[Question] How to determine to which class each probability column belongs?
PGijsbers opened this issue · 2 comments
Is it possible to determine to which class each probability columns belongs?
Consider the following example:
import numpy as np
x = np.random.random((150, 4))
y = np.asarray(list("abc") * 50).reshape(-1, 1)
import pandas as pd
data = pd.DataFrame(np.hstack([x, y]), columns=["f1", "f2", "f3", "f4", "target"])
print(data.head())
from lightautoml.tasks import Task
from lightautoml.automl.presets.tabular_presets import TabularUtilizedAutoML
task = Task("multiclass")
automl = TabularUtilizedAutoML(task=task, timeout=30)
automl.fit_predict(data, roles=dict(target="target"))
preds = automl.predict(data[["f1", "f2", "f3", "f4"]])
The resulting preds
is a NumpyDataset
with data shape (150,3)
representing features WeightedBlend_{0,1,2}
. Nowhere in the meta-data can I find whether the first column probabilities correspond to class 'a'
(or any other class).
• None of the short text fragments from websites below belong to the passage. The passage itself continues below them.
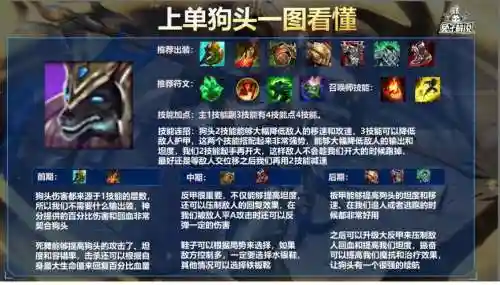中单狗头技能升级，lol狗头单挑出装插图1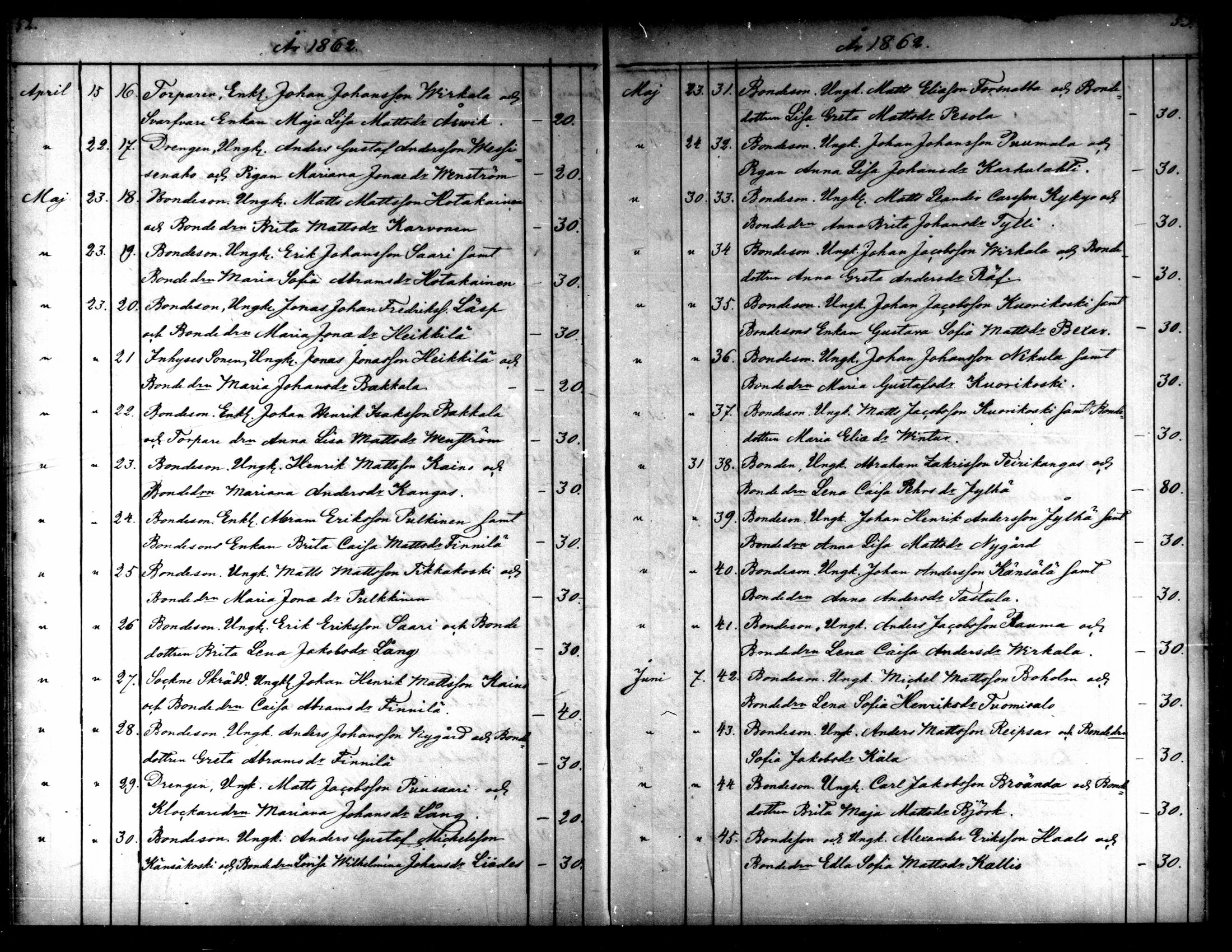 [ ../kirjat/Kirkonkirjat/kaarlela/kuulutetut_1855-1886_mko170-173/kuvat/40.jpg ]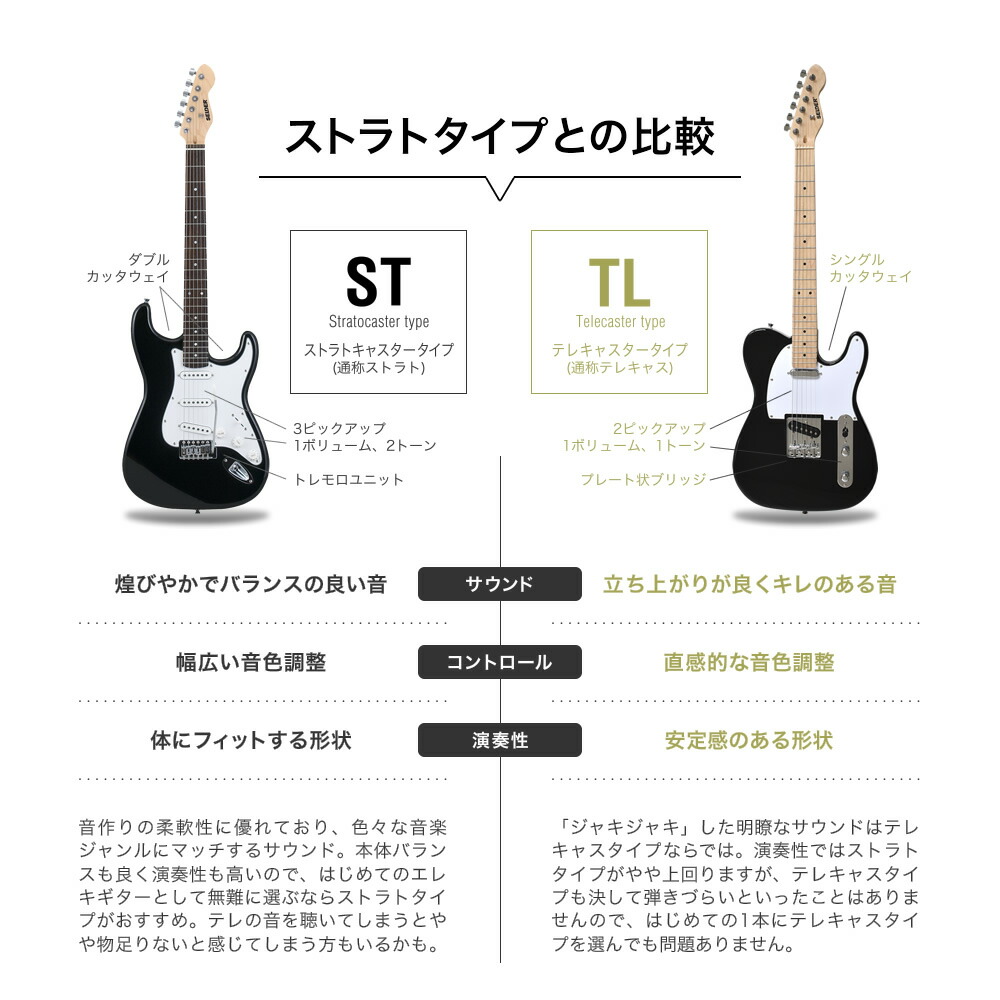 楽天市場】テレキャスター タイプ エレキギター SELDER TL-17 ソフト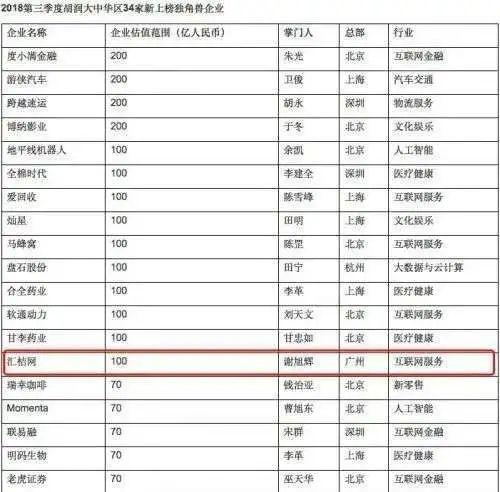 广州百亿独角兽爆雷!实控人被拘,曾说“我们不是骗子”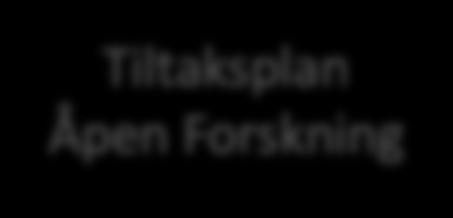 16 Tiltaksplan for åpen forskning for åpen forskning Tiltaksplan Åpen Forskning Thomas Willebrand, HINN/UHR-Forskning/AU.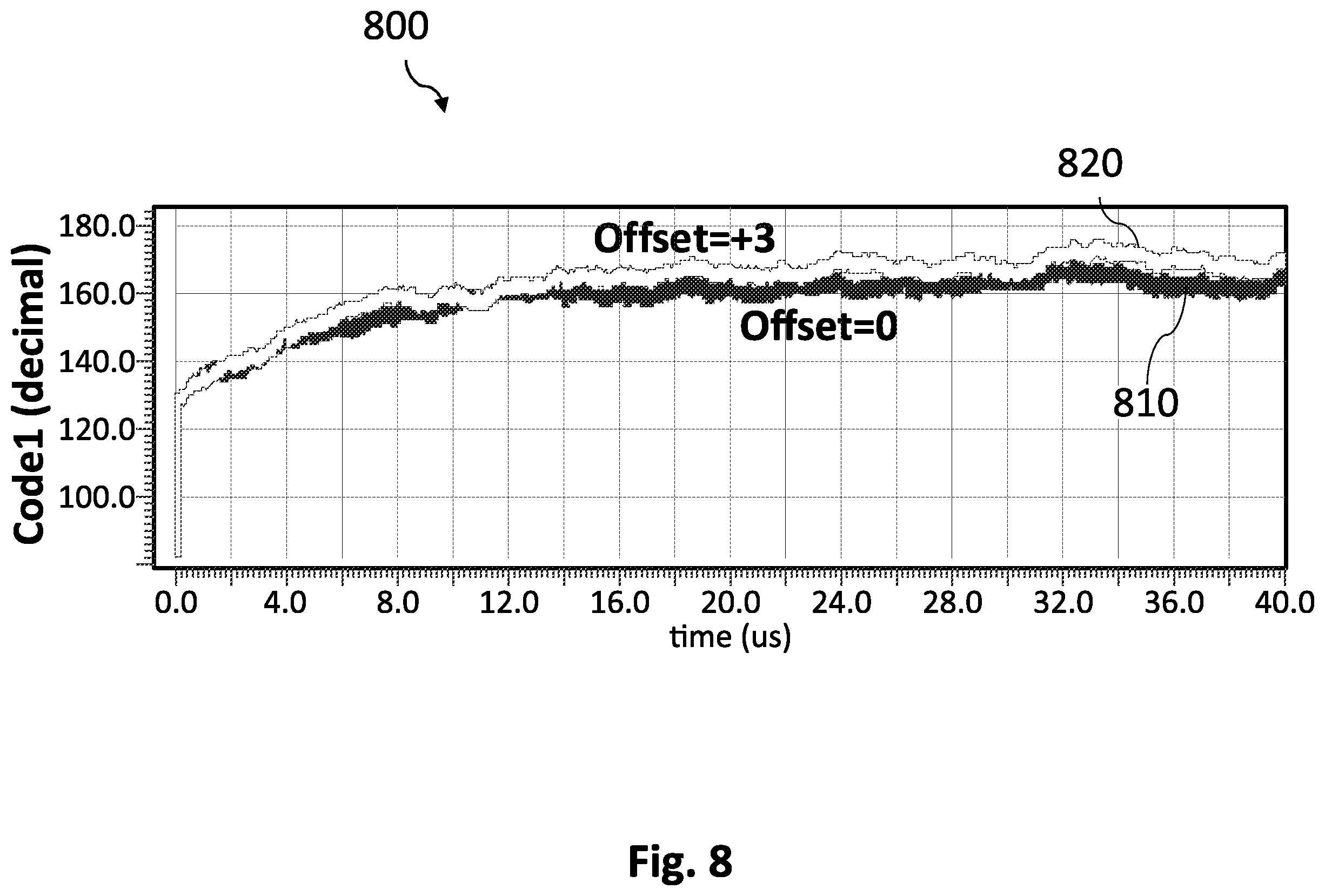Patent US12556192 Figure 12 – Analog-to-digital converter, receiver, base station, mobile device and method for a time-interleaved analog-to-digital converter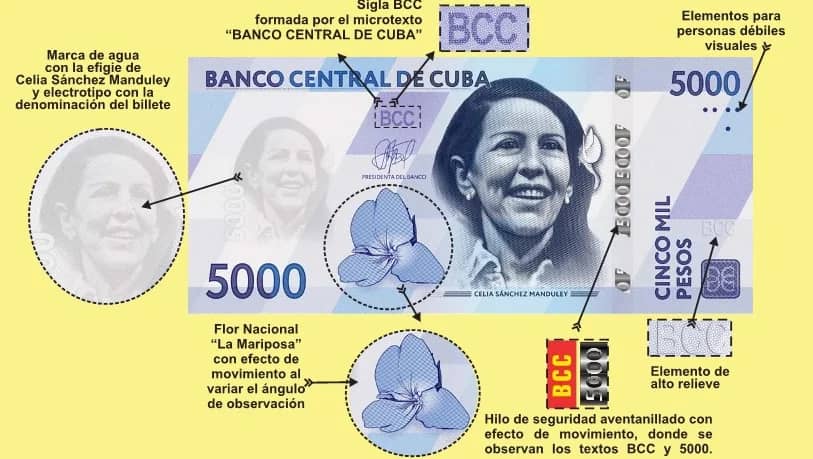 Se pondrán en circulación nuevos billetes de alta denominación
Am I missing something here?
As far as I can tell the column order depends on the class order in the original training data. But I can't find this explicitly anywhere, nor can I find a progamatic way of retrieving the order of labels as used by lightautoml
. I would expect e.g. a classes_
property or the feature names to reflect the classes of which the probability is predicted in each column.
Thank you, sorry for the duplicate issue.